---------- TASK INPUTS ----------

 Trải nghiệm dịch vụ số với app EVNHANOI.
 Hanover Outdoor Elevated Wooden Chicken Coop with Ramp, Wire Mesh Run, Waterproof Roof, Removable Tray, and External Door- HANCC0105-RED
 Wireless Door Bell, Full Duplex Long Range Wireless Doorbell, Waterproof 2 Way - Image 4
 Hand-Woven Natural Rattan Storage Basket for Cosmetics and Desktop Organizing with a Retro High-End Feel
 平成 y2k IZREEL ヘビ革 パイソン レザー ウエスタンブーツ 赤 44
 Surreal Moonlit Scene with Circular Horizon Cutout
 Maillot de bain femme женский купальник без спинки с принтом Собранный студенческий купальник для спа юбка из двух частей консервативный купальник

----------

- WHAT IS EXPECTED
If a line of the data holds the string "Door", list it.

- SOLUTION FOR THIS EXERCISE
 Hanover Outdoor Elevated Wooden Chicken Coop with Ramp, Wire Mesh Run, Waterproof Roof, Removable Tray, and External Door- HANCC0105-RED
 Wireless Door Bell, Full Duplex Long Range Wireless Doorbell, Waterproof 2 Way - Image 4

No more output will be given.